Croquignolesque? Pour décoller une étiquette peu flatteuse de président des privilégiés et s'imposer comme "le président de tous les Français", quoi de mieux qu'une métaphore valorisant l'effort collectif. D'autant que l'expression est une référence indirecte au roman "Premier de cordée" de Roger Frison-Roche, paru en 1942 et adapté au cinéma, dans lequel un jeune alpiniste tente de surpasser sa peur du vertige. Comme une analogie d'une France au bord du précipice.
Problème: la comparaison s'est instantanément retournée contre son auteur, les détracteurs d'Emmanuel Macron voyant dans ces "premiers de cordée" une apologie des riches et de la réussite face à la "jalousie" des classes populaires.
"Le président des premiers de cordée"
"Il est plus que jamais le président des milliardaires et il l'assume en vantant ceux qui ont réussi - les fameux premiers de cordée - et en dédaignant ceux qui se battent pour garder leur boulot", a dénoncé ce lundi sur Radio Classique le secrétaire général de la CGT Philippe Martinez. "S'il y a que le premier de cordée qui monte et que les autres se cassent la figure, c'est pas bon" non plus, a-t-il rappelé en critiquant "ce décalage avec la vraie vie qui pose problème avec M. Macron".

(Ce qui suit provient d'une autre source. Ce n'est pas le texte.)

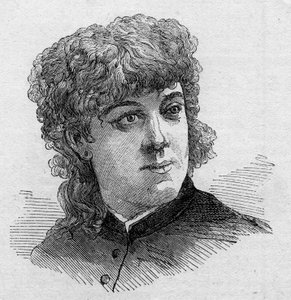 コメディ・フランセーズのメンバーであるフランスのコメディアン、ジャンヌ・サマリー（1857-1890）の肖像。1879年8月16日付「Le Monde Illustré」1168号に掲載されたエングレーヴィング。 作： Unknown artist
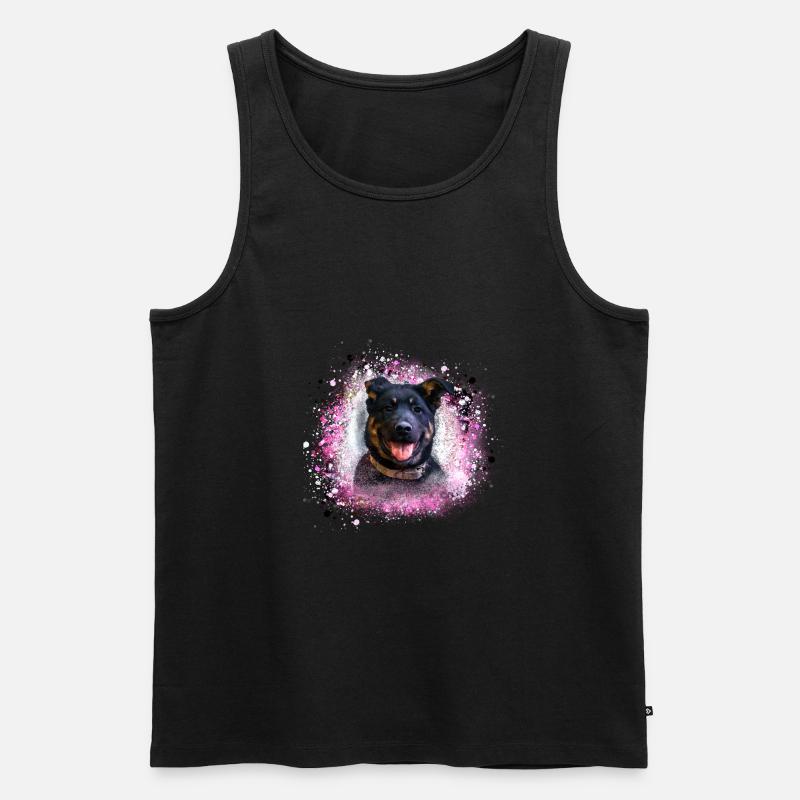 hund,schäferhund,welpe,rottweiler - Männer Premium Bio Tank Top - Schwarz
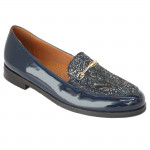 Tanex női bebújós - slip on - félcipő 726-W213 kék kombi 06237 Női Egyéb (Rapisardi,The Flexx, Ata, stb.)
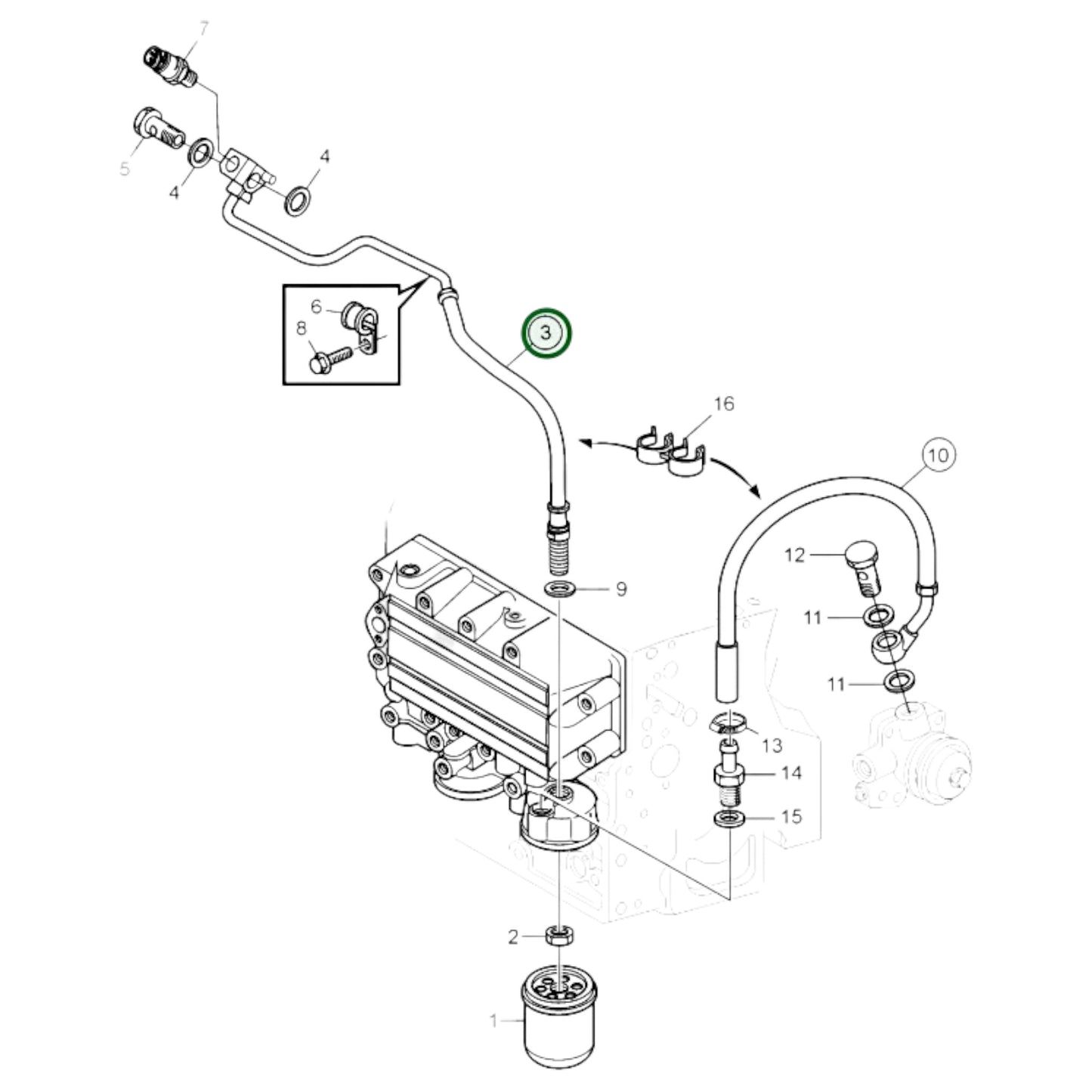 21745922 - Fuel Pipe
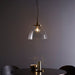 Endon 102926 Hansen Grand 1lt Pendant Antique brass plate & clear glass 10W LED E27 (Required) - westbasedirect.com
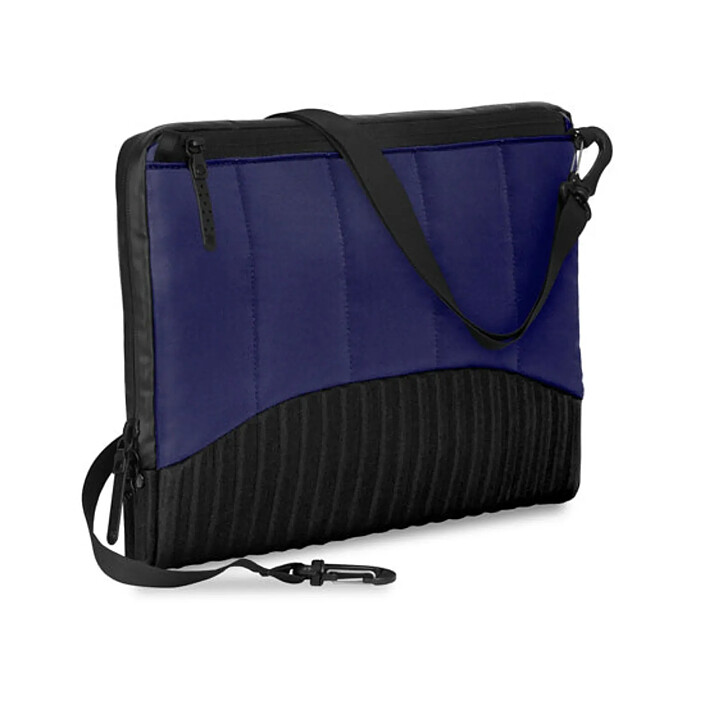 Avis STM Housse pour MacBook Pro 14"avec Bandoulière et Poche Série Dux Bleu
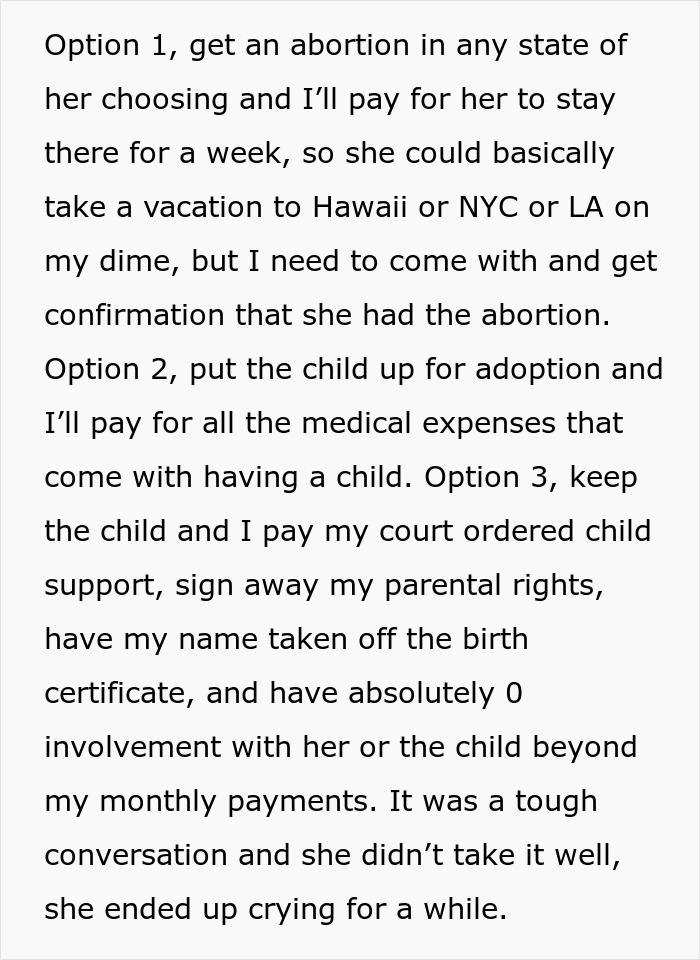 Guy Breaks Up With GF Of 3 Months Because She's Pregnant And He Doesn't Want To Be A Dad
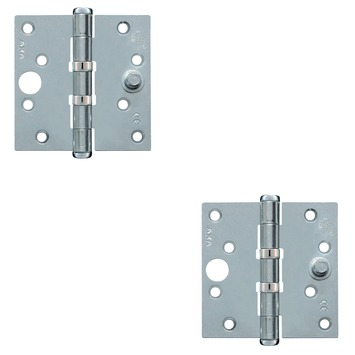 AXA veiligheidsscharnier kogellager SKG 3-sterren verzinkt 89x89 mm - 2 stuks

Un point de vue manifestement partagé par certains à la CFDT.
Du côté des responsables politiques, tout le monde ou presque s'est engouffré dans la brèche pour accabler le président de la République. "Il a trouvé lui-même l'expression... Il est le président des premiers de cordée : le président des riches, président des premiers de cordée", taclait dès dimanche sur France Info le député PS Boris Vallaud. Reprenant l'affiche du film "Premier de cordée" sorti pendant la Seconde guerre mondiale, le membre du bureau national du PS Gérard Filoche a épinglé les riches qui "s'empiffrent" et qui "laissent tomber ceux qu'ils ont exploités".
"Le président de la République peut dire tranquillement que les riches sont les premiers de cordée, comme si la richesse était synonyme de compétence et de mérite", s'est désolé sur Twitter le sénateur socialiste David Assouline.
Sans surprise, les cadres de la France insoumise se sont alignés pour caricaturer l'expression et son auteur. "Le premier de cordée de Macron, c'est du Frison Riche: le capital financiarisé accumule les profits, pas la solidarité", a ironisé le député LFI Eric Coquerel. "En résumé les riens fainéants, arrêtez d'être jaloux du premier de cordée!", a tweeté sa collègue Caroline Fiat en reprenant des mots polémiques employés par Emmanuel Macron par le passé.
Même à droite, où une partie des Républicains saluent pourtant la politique d'Emmanuel Macron, certains ont trouvé quelque chose à redire. Avec la hausse annoncée du prix du diesel et de la CSG, a prévenu le député Damien Abad, "la grande cordée est plutôt une corde au cou pour les classes populaires".